By Cassandra Berman, graduate student, Brandeis University
Josephine Collins was born in Framingham, Massachusetts in 1879. Collins remained unmarried throughout her life, and ran a teashop and a dry goods store in Framingham; later in life she worked as a bookkeeper at Babson College. Collins’s most notable contribution to the suffrage movement was her involvement in the 1919 demonstration in Boston upon President Wilson’s visit to the city.
Collins was an early member of the National Woman’s Party, and on February 25, 1919, she participated in Alice Paul’s suffrage demonstration at the State House in Boston, which coincided with the president’s arrival in the city. The demonstrators hoped to pressure Wilson, who was on his way back to Washington after negotiating the Treaty of Versailles in Paris, into pushing through the suffrage amendment. Uncowed by police threats of arrest for loitering, Collins reportedly held a sign asking, “Mr.
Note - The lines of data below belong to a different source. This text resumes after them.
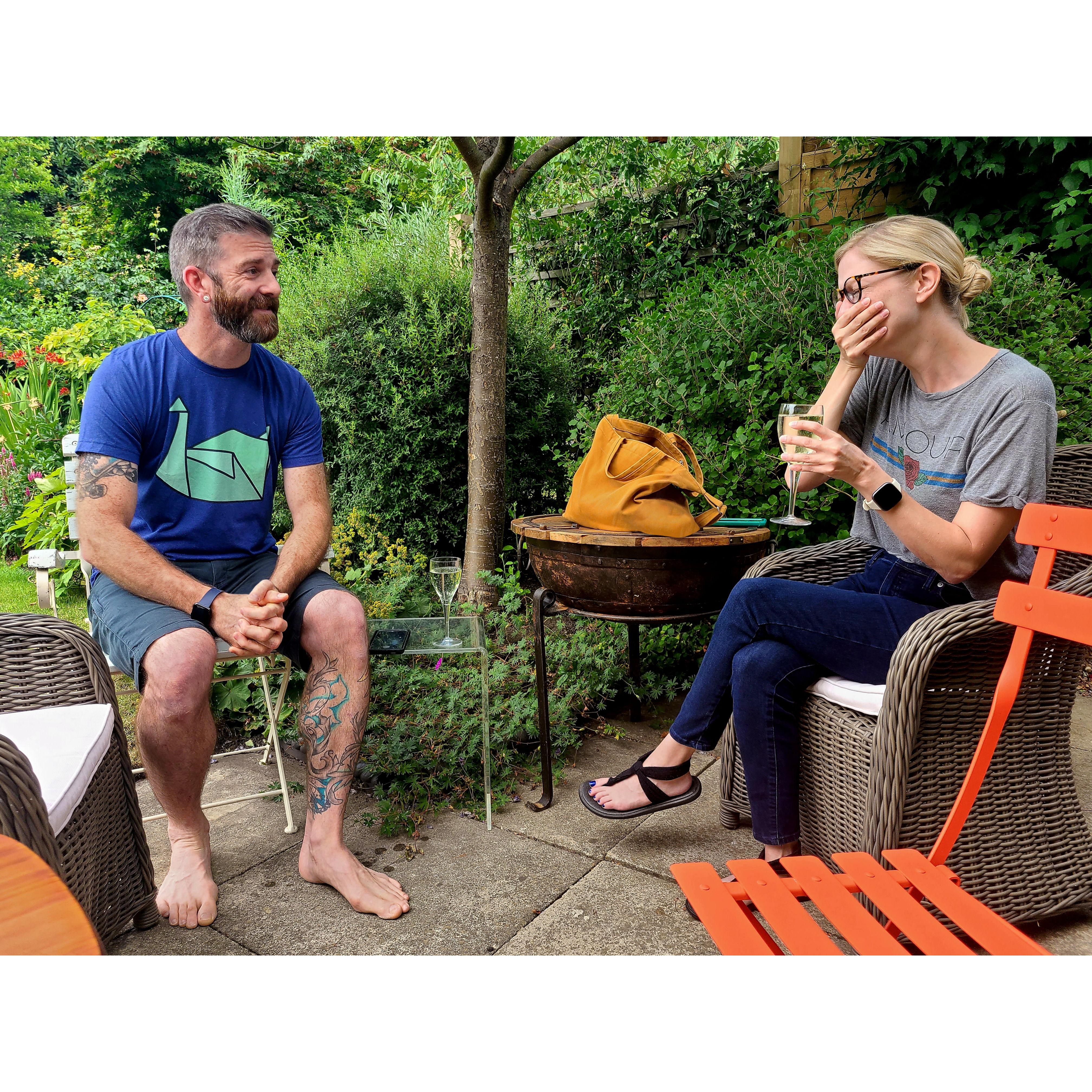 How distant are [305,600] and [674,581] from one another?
105 cm

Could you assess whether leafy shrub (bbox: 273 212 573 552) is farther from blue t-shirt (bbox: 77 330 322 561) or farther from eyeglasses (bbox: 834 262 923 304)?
eyeglasses (bbox: 834 262 923 304)

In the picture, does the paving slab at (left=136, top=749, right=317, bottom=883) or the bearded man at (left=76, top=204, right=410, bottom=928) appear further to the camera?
the paving slab at (left=136, top=749, right=317, bottom=883)

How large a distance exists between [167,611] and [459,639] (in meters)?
0.81

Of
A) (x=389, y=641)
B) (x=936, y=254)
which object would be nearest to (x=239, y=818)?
(x=389, y=641)

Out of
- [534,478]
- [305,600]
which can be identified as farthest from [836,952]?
[534,478]

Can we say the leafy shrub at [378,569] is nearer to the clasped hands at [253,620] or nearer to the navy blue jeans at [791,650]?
the clasped hands at [253,620]

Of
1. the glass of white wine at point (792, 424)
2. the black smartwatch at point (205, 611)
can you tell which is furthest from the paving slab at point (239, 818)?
the glass of white wine at point (792, 424)

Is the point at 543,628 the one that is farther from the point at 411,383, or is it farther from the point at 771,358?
the point at 411,383

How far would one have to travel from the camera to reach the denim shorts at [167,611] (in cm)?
193

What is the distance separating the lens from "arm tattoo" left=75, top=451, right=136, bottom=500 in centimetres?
204

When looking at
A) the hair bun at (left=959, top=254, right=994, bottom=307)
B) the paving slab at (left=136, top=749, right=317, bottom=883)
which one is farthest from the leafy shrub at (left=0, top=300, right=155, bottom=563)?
the hair bun at (left=959, top=254, right=994, bottom=307)

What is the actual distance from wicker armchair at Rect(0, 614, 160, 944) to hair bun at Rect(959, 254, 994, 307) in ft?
7.25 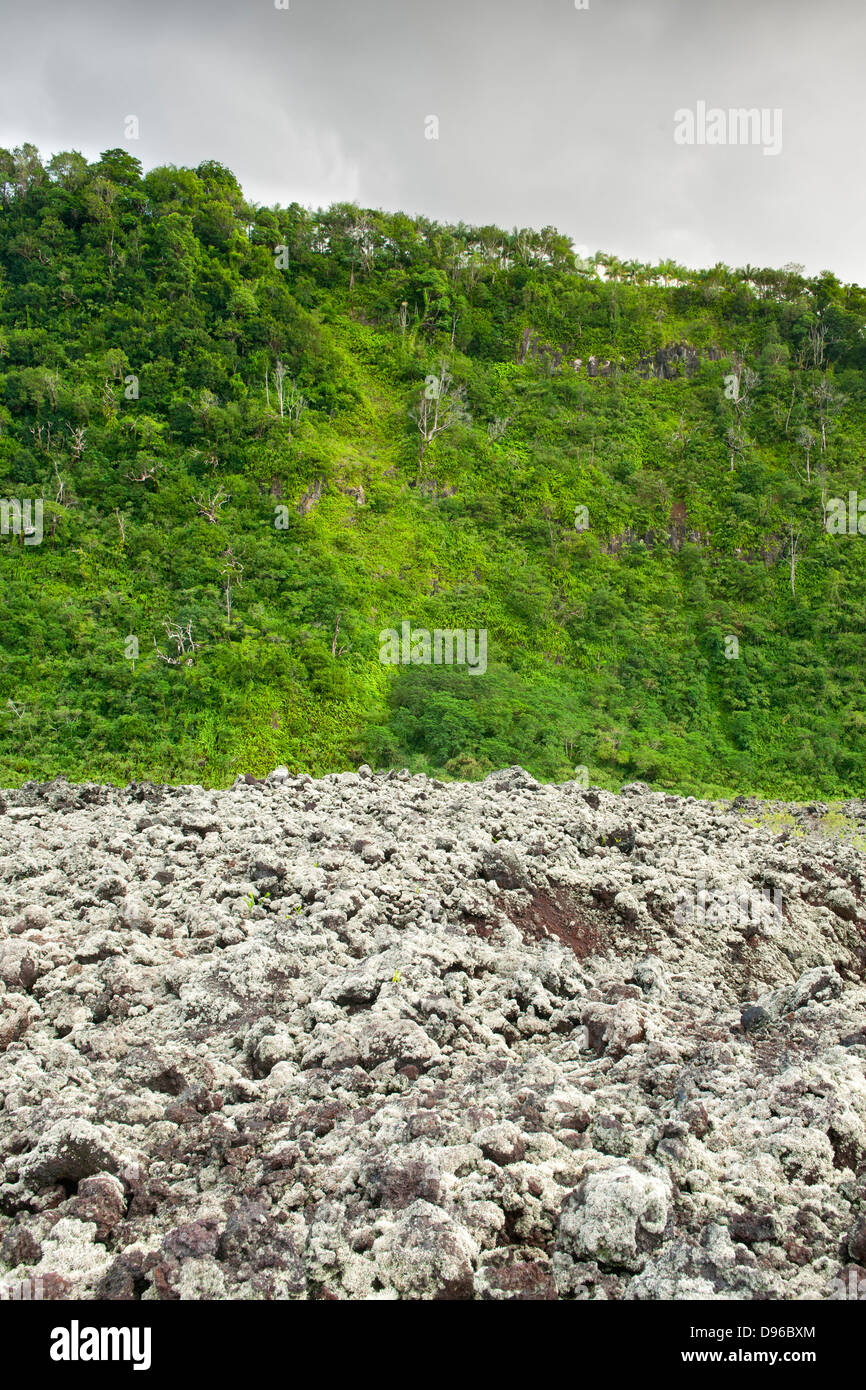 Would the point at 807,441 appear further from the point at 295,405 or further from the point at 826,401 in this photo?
the point at 295,405

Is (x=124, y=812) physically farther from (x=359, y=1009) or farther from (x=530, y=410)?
(x=530, y=410)

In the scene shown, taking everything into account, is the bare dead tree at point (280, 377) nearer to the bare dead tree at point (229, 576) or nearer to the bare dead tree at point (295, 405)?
the bare dead tree at point (295, 405)

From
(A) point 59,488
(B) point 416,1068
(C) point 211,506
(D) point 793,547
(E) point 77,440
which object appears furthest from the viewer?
(D) point 793,547

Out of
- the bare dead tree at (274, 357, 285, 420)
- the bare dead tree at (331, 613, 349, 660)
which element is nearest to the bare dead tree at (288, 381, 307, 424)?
the bare dead tree at (274, 357, 285, 420)

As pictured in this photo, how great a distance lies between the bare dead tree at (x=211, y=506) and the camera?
28031mm

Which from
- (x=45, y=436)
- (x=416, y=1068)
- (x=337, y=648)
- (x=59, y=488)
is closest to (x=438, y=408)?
(x=337, y=648)

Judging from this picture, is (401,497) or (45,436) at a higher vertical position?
(45,436)

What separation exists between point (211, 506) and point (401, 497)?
28.0 feet

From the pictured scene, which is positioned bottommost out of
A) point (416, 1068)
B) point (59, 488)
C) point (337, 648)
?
point (416, 1068)

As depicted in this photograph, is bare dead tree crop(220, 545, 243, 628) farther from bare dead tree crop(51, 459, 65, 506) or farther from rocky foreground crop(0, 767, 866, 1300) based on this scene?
rocky foreground crop(0, 767, 866, 1300)

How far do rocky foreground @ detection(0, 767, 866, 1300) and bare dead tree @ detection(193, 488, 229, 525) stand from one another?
1979cm

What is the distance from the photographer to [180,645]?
2306cm

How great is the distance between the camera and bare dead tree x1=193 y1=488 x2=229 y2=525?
92.0 feet

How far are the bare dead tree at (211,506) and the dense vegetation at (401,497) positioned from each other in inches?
6.2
President, how long must women wait for liberty?” Along with twenty-one other women, Collins was taken by police to the city’s House of Detention for Women; most of the women refused to post bail, preferring instead to make a statement through their incarceration. The protesters refused to pay the fine levied on them, and were subsequently taken to Charles Street Jail to serve an eight-day term. From jail, the women sent Wilson a letter, urging him to ensure the passage of the suffrage amendment.
Collins did not serve her full eight-day sentence. Though she resisted removal from jail, her brother paid her five-dollar fine and won her early release. After returning to Framingham, her business suffered, reportedly from customers’ opposition to her militancy after her arrest, and she eventually closed her business and sought alternative employment. In the 1920s, Collins was urged to join the campaign for the Equal Rights Amendment. Alice Paul wrote to Collins in 1926, asking her to join a suffragist reunion aboard the Equal Rights Ship, and in 1927 NWP Executive Secretary Mabel Vernon invited her to join other NWP members in Washington to urge President Coolidge to support the ERA. There is no record that Collins attended either event. The NWP also recognized her service to the movement by giving her a “jail door pin” designed by Alice Paul.
Collins died in Framingham in 1961. In 2005, the city honored Collins and another of the area’s suffragists, Louise Parker Mayo, by naming an intersection the “Mayo-Collins Square.”
“Arrest of 22 Suffragettes Charged with Violating a City Ordinance,” Boston Daily Globe, February 24, 1919; “Jailed ‘Suffs’ Send Wire to President,” Boston Daily Globe, February 28, 1919; Anita C. Danker, “Grassroots Suffragists: Josephine Collins and Louise Mayo, A Study in Contrasts,” New England Journal of History, 67:2 (2011): 54-72.